* Input *
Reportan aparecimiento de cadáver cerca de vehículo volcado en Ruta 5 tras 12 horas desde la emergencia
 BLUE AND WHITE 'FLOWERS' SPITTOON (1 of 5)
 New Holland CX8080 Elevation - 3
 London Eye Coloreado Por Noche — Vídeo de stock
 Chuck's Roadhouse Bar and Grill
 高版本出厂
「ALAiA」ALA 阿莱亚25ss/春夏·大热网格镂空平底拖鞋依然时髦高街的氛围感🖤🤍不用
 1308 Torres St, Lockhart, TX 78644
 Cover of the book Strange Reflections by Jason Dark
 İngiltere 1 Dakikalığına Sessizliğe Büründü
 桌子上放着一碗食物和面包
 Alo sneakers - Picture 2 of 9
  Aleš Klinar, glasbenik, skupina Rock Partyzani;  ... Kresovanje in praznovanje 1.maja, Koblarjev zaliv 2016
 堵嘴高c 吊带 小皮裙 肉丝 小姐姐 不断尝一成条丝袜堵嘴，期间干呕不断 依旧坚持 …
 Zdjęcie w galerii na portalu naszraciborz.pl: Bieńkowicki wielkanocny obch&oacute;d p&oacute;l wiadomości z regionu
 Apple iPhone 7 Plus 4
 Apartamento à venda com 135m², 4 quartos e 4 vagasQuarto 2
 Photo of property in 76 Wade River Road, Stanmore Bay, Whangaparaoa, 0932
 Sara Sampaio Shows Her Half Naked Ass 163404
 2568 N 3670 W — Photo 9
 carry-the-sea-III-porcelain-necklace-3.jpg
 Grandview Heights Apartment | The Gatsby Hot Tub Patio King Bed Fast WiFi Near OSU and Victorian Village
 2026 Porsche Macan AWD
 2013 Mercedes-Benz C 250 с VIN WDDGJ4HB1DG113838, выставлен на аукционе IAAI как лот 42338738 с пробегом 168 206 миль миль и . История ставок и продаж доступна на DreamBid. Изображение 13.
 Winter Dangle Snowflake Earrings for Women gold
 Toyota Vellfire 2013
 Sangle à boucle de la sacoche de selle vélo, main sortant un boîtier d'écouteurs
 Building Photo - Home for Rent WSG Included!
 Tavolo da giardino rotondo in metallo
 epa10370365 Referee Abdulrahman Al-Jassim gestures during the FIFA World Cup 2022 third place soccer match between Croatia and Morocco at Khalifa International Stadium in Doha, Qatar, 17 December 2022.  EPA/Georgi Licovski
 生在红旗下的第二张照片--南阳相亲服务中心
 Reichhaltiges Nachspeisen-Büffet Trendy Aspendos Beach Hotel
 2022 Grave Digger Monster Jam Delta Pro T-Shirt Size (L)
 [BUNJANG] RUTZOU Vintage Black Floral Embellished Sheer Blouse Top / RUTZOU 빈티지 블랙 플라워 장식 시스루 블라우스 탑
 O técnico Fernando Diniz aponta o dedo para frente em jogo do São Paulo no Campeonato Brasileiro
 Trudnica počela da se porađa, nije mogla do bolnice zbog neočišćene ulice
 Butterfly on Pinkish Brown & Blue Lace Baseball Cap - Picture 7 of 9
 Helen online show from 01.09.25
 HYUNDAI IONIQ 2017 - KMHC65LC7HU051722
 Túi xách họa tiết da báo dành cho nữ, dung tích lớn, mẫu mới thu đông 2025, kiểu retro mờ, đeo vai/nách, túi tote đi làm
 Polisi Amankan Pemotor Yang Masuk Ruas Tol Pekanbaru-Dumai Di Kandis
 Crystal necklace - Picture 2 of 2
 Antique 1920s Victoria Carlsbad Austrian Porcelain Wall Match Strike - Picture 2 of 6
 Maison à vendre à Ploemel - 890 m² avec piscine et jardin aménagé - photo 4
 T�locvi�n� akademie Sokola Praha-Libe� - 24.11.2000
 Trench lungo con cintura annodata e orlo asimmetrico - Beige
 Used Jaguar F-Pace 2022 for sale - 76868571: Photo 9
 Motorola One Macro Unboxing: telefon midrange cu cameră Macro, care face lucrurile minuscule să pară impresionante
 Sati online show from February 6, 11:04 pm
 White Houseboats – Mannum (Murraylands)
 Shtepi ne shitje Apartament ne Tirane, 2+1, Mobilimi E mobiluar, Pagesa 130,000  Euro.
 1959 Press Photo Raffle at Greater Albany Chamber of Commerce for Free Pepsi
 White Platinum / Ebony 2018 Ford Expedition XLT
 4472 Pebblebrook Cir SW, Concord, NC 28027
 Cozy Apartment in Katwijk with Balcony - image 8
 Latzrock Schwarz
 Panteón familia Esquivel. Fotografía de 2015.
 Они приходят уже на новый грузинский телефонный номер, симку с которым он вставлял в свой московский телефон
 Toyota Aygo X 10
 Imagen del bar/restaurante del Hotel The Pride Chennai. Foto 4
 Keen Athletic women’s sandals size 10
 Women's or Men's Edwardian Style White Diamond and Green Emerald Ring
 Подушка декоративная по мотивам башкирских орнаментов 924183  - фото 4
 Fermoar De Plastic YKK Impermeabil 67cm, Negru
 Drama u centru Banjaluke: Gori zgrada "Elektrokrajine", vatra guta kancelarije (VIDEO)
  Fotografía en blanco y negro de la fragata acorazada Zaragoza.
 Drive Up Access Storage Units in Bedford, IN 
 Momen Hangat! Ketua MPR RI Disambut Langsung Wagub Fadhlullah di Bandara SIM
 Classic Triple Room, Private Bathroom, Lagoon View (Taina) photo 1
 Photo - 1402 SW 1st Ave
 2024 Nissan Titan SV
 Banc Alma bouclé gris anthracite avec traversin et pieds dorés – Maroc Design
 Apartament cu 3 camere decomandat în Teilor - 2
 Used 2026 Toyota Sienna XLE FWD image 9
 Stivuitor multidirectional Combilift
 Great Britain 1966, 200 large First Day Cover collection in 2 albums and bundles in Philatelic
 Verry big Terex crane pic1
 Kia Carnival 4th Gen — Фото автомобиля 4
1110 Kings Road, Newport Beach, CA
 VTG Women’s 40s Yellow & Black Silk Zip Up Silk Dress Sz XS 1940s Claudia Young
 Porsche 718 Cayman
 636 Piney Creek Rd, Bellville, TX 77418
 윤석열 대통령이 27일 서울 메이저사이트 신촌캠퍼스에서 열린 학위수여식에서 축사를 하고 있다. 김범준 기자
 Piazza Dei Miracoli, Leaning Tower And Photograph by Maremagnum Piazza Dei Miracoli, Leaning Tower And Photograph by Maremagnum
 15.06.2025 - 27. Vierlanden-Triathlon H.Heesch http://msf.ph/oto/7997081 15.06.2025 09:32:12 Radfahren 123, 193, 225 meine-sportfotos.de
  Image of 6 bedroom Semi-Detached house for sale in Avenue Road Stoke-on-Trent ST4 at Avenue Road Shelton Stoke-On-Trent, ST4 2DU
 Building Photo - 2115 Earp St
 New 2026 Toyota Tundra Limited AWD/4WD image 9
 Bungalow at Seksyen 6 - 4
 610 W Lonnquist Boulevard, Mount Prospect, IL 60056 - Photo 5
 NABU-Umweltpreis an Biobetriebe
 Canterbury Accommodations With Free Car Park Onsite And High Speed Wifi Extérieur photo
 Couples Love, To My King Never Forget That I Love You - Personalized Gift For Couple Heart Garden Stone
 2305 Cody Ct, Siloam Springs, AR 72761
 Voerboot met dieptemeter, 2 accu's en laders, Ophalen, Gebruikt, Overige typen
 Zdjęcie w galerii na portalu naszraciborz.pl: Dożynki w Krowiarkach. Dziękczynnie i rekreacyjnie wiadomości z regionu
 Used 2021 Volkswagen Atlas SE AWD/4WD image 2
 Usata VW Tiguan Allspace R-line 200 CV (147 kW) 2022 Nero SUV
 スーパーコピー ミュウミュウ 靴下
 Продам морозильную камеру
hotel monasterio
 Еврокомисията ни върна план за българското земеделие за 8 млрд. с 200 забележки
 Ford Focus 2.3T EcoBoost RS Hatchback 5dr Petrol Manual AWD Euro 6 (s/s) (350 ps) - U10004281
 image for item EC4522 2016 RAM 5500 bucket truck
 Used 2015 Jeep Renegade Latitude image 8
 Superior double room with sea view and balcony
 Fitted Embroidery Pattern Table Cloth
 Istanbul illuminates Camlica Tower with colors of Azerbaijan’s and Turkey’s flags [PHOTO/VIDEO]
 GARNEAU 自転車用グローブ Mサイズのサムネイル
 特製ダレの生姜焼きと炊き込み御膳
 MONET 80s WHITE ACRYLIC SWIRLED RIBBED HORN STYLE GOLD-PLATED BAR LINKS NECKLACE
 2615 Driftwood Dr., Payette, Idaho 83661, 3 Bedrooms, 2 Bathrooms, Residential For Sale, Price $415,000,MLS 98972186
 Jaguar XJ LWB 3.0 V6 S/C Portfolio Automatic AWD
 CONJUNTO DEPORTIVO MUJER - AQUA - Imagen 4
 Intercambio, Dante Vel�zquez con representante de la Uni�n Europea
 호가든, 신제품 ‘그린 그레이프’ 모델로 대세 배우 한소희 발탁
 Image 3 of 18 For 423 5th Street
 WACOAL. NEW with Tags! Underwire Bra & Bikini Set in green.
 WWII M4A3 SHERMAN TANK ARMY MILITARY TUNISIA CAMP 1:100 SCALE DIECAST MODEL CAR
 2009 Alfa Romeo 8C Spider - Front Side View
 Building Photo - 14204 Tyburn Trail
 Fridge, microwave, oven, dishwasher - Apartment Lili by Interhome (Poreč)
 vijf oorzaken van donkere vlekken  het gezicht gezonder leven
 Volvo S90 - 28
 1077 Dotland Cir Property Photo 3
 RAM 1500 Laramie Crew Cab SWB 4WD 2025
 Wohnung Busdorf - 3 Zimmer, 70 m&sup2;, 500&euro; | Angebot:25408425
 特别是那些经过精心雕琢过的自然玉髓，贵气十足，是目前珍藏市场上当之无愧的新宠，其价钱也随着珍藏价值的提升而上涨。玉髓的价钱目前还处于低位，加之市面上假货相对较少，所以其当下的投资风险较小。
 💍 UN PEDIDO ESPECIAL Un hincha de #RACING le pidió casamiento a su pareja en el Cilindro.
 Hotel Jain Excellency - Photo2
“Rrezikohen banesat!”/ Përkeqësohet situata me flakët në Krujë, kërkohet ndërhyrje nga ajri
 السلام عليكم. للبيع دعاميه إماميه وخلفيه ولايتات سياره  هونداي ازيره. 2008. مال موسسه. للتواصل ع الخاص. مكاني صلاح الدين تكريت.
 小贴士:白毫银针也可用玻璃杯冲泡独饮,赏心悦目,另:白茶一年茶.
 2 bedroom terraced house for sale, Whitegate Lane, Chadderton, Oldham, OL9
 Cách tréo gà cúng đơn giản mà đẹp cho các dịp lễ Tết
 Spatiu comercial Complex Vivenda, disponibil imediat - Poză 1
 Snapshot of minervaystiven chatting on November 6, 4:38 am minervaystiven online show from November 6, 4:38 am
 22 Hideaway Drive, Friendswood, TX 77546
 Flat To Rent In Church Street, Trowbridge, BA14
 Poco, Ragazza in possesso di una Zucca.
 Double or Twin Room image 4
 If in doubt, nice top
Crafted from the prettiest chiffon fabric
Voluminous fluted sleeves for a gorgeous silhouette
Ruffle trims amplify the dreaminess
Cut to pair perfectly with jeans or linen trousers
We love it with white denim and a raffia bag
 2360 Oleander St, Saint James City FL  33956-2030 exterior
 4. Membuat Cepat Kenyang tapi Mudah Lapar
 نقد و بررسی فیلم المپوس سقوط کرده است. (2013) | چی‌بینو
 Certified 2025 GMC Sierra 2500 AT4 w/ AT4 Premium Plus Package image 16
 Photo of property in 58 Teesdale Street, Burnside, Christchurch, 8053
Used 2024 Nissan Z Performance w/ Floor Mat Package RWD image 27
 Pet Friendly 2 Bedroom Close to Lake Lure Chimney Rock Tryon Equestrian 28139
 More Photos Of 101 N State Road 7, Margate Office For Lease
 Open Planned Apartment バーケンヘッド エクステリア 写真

* Goal of the exercise *
Pull out each line of the listing that holds the string "VIDEO".

* The answer *
 Drama u centru Banjaluke: Gori zgrada "Elektrokrajine", vatra guta kancelarije (VIDEO)
 Istanbul illuminates Camlica Tower with colors of Azerbaijan’s and Turkey’s flags [PHOTO/VIDEO]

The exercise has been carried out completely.